I sei attivisti sono Mario Pizzola, Daniela Frittella, Lorenzo Pagliaro, Alba Silvani, Emilio Secchiatti e Giorgia Vitullo.
«l questore aveva emanato un decreto con il quale disponeva che il presidio si sarebbe dovuto svolgere lontano dall’entrata del cantiere; ciò al fine di ‘non intralciare il traffico dei mezzi di cantiere e non arrecare disturbo ai lavoratori’. Il decreto specificava che, in caso di violazione, i trasgressori sarebbero incorsi in responsabilità penali in base all’art.18 delle Leggi di Polizia del 1931 che, nel caso specifico, prevedono il carcere fino ad un anno», scrivono gli attivisti in una nota.
Gli ambientalisti, a fronte del divieto, avevano deciso di effettuare ugualmente l’azione di protesta, definita di «obbedienza civile nonviolenta» per evidenziare che, se la legge è uguale per tutti, questo deve valere anche per la Snam.
Nell’assumersi consapevolmente la responsabilità della loro azione i sei attivisti avevano fatto presente che anche la Snam deve rispondere delle sue illegalità: «La Snam ha violato il Decreto VIA del 7 marzo 2011 che, come condizione fondamentale per l’apertura del cantiere, stabilisce l’adempimento di numerose prescrizioni ante operam. Ciò non è avvenuto. Inoltre, la Snam continua i lavori nonostante che l’autorizzazione a costruire sia decaduta. Sono due anni che abbiamo presentato esposti alla Procura della Repubblica di Sulmona ma non sappiamo che fine hanno fatto, perché nessun provvedimento è stato adottato fino ad oggi. Sempre la Snam con le sue ruspe ha distrutto testimonianze storiche di eccezionale valore, ovvero le tracce di un villaggio esistente a Case Pente 4200 anni fa, in età protostorica. Altra illegalità compiuta dalla multinazionale del gas è quella dell’abbattimento di 317 alberi di ulivo che invece, in base alla normativa vigente, andavano espiantati e ricollocati».
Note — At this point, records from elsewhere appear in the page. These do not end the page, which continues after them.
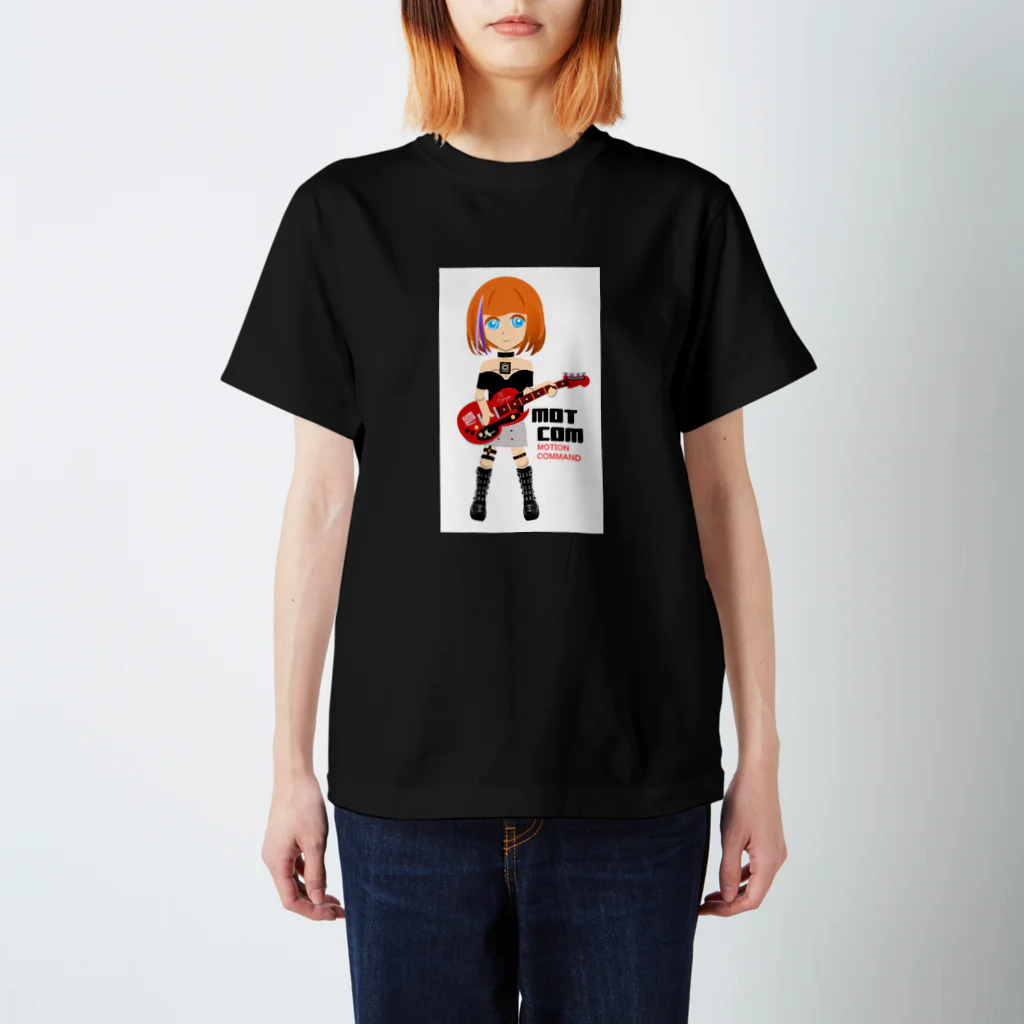 MOTCOM Winkel+の「ギター女子」Guitergirls MOTCOM スタンダードTシャツ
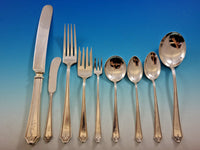 Rosalind by International Sterling Silver Flatware Set Service 80pc P monogram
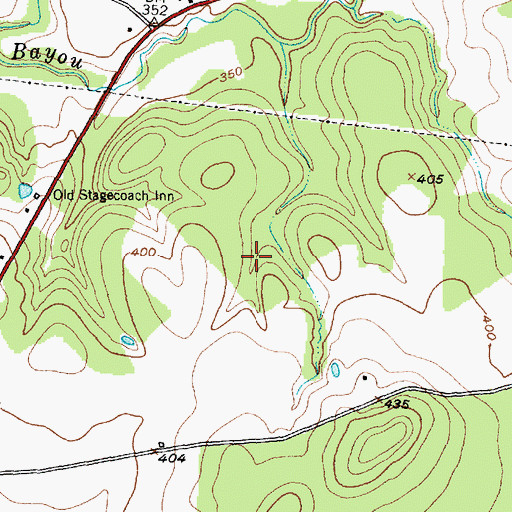 Topographic Map of Druso, TX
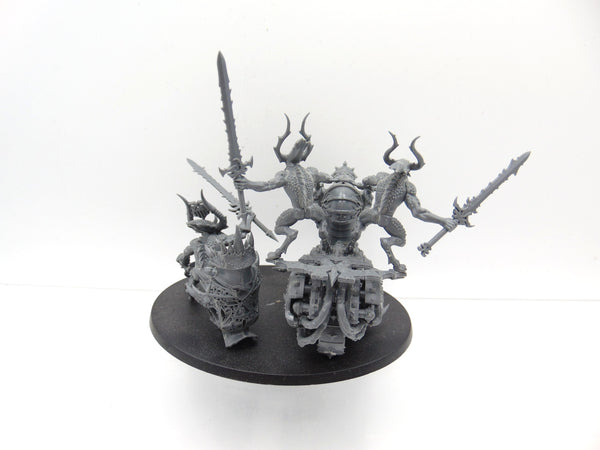 Skull Cannon / Rendmaster, Herald of Khorne on Blood Throne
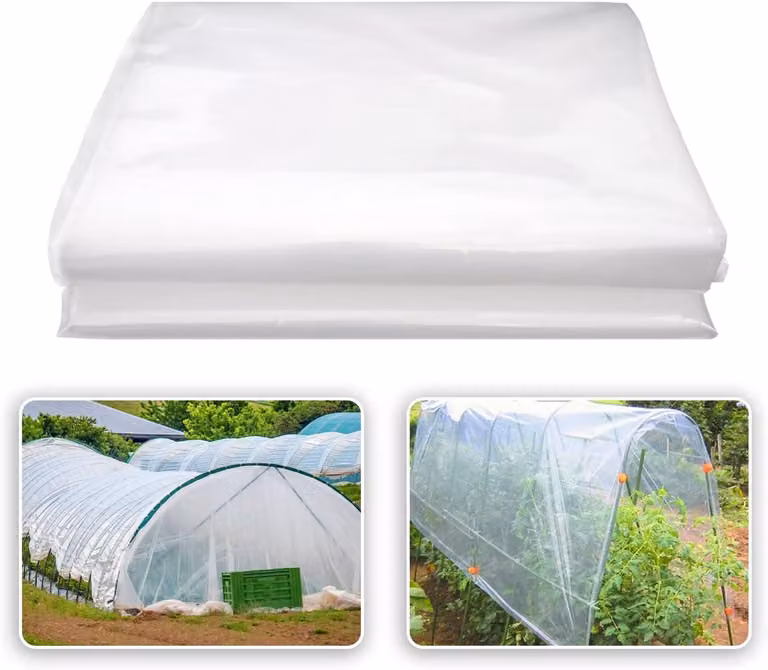 Film in plastica trasparente, resistente ai raggi UV, dimensioni 2x3 metri, per uso in giardinaggio e agricoltura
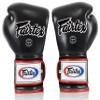 Fairtex Muay Thai Boxing Gloves BGV9 - Heavy Hitter Mexican Style Training & Sparring Gloves for Kick Boxing MMA K1 (Black/White/Red Piping, 14 oz) view 3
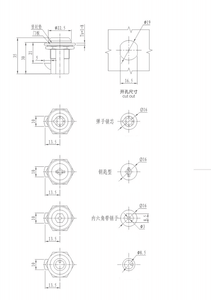 Hanbei MS825-3 מנעולי מפתח צינורות עבור מכונות אוטומטיות ארונות תיבות מגירות ארונות ומפסאות סגסוגת אבץ - Product Image 2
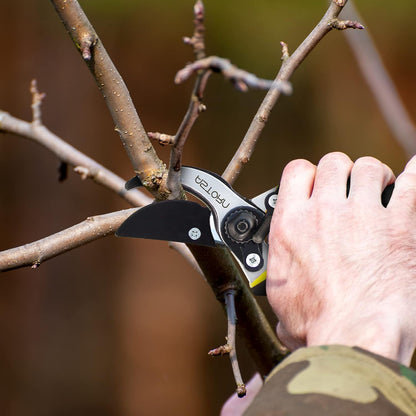 8 Inch Bypass Pruning Shears for Gardening, Heavy Duty Ultra Sharp Garden Shears with Ergonomic Non-Slip Grip, Precision-Crafted Hand Pruners for Roses, Branches, Flowers and Trimming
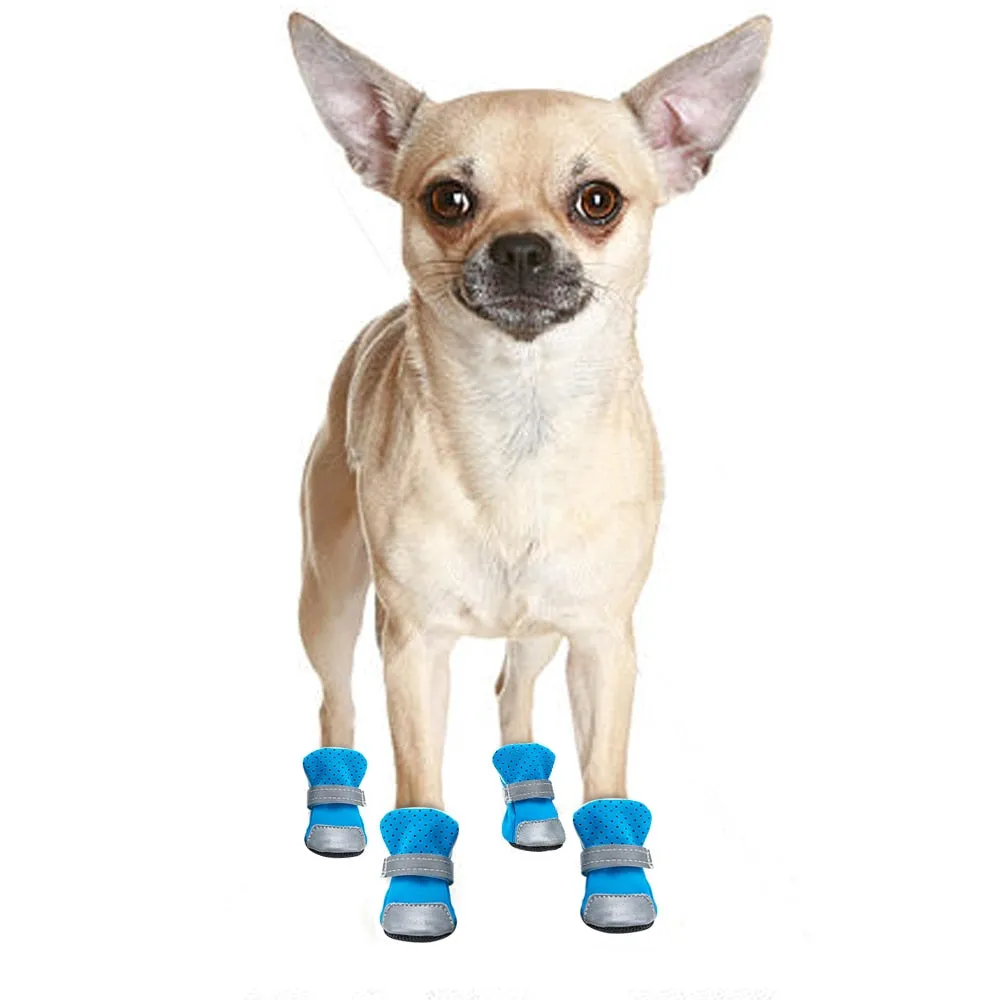 Reflective Boots for french bulldog (WS107)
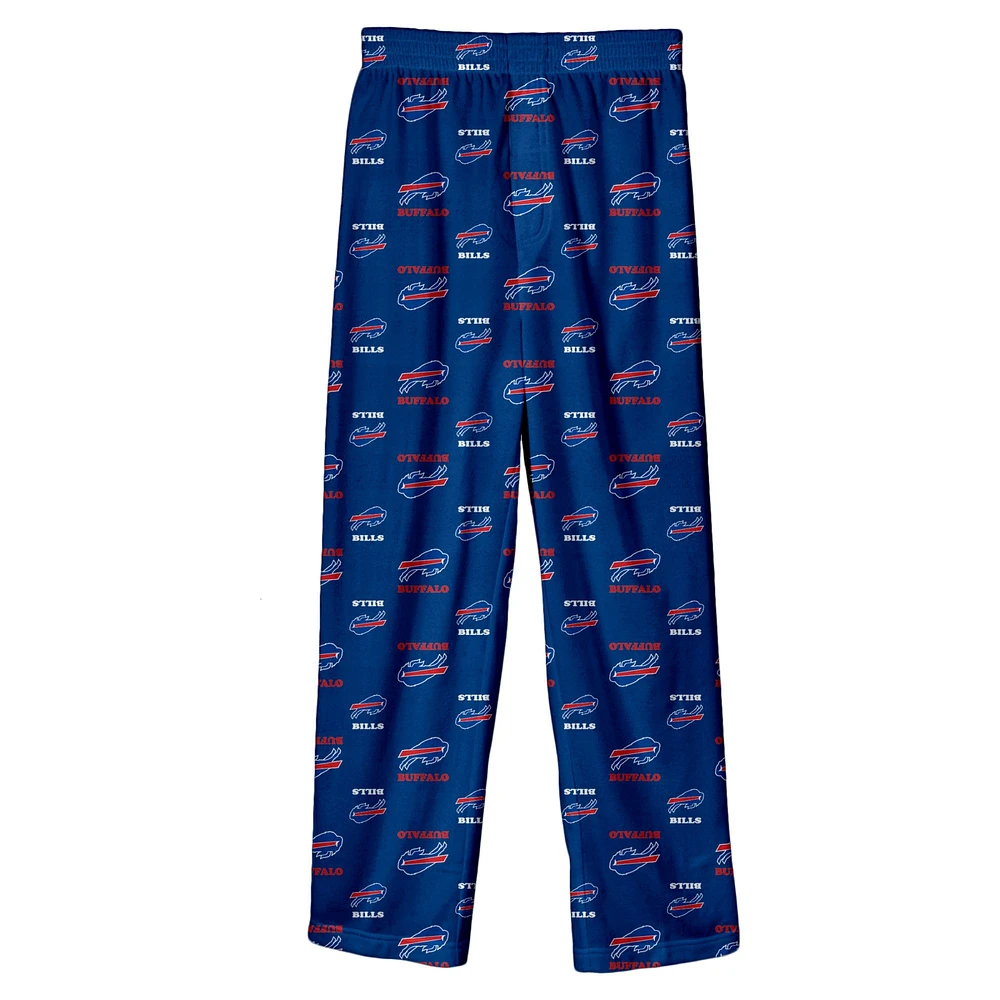 Pantalon de pyjama imprimé couleur l'équipe Royal Buffalo Bills pour enfants d'âge préscolaire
«Noi non ci sottraiamo al processo e alla conseguente condanna – dichiarano i sei attivisti – ma in uno Stato di diritto nessuno può ritenersi al di sopra della legge. Dobbiamo constatare con rammarico che chi distrugge l’ambiente, avvelena l’aria che respiriamo, aggrava irresponsabilmente il cambiamento climatico, spesso continua a farla franca; mentre chi si batte in modo pacifico per la tutela dei beni comuni è colpito con misure repressive che aggravano persino le norme di Polizia ereditate dal fascismo, come dimostra il ‘decreto sicurezza’ varato recentemente dal governo. E’ questa l’Italia democratica voluta dai nostri padri costituenti?».